The Australian Dollar (AUD) experienced a decline against the US Dollar (USD) on Tuesday, following a 0.50% gain in the previous session. This pullback was triggered by the People’s Bank of China cutting its Loan Prime Rates (LPR), with the one-year LPR reduced from 3.10% to 3.00% and the five-year LPR from 3.60% to 3.50%.
Given Australia’s significant trade exposure to China, this monetary easing signals weaker export demand, pressuring the AUD.
Domestic political developments in Australia added to the AUD’s challenges. The National Party’s withdrawal from its coalition with the Liberal Party has fractured the opposition, while the Labor Party’s broader mandate introduces short-term uncertainty, typically unfavorable for currency stability.
Meanwhile, despite strong April employment data showing an 89,000 jobs increase, market sentiment anticipates a 25 basis point rate cut by the Reserve Bank of Australia (RBA), further weighing on the AUD.

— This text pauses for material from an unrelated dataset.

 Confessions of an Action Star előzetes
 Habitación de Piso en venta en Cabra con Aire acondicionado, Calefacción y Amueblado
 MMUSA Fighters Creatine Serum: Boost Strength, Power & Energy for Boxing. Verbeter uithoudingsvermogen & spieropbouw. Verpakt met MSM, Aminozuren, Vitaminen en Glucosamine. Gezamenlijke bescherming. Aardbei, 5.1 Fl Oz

The US Dollar’s weakness underpinned gains in AUD/USD and NZD/USD while capping USD/JPY advances. Moody’s recent downgrade of the US credit rating from Aaa to Aa1 highlights concerns over rising federal debt, projected to reach 134% of GDP by 2035, and a widening budget deficit of 9%.
These fiscal pressures, combined with easing inflation evidenced by recent CPI and PPI data and disappointing retail sales, have increased expectations for Federal Reserve rate cuts in 2025, undermining the USD.
However, the AUD’s upside is limited by ongoing US-China trade tensions. Tariff threats and expanded export restrictions on Chinese chipmakers contribute to market caution. China’s April retail sales rose 5.1% year-over-year, below expectations, and industrial production growth slowed to 6.1%, dampening risk appetite.
USD/JPY remains subdued despite higher US yields, constrained by the softer USD and geopolitical uncertainties related to US sanctions on China.
AUD/USD: Trading within an ascending broadening wedge on the 4-hour chart, the pair faces strong resistance near 0.6540, with a current range between 0.6370 and 0.6540. A decisive breakout will determine the next trend direction.
NZD/USD: The pair shows bullish momentum consolidating near the 0.5950 level, supported by a rebound from long-term support between 0.55 and 0.56, suggesting potential continuation of upward movement.
USD/JPY: The 4-hour chart reveals a descending broadening wedge with resistance at 148.30. Failure to break this level keeps the pair in a bearish trend, with a potential target at 151 if breached. However, ongoing USD weakness limits upside.
In summary, the US Dollar’s softness amid fiscal concerns and easing inflation supports commodity-linked currencies like the AUD and NZD, although geopolitical risks and central bank policies continue to inject volatility into the forex markets.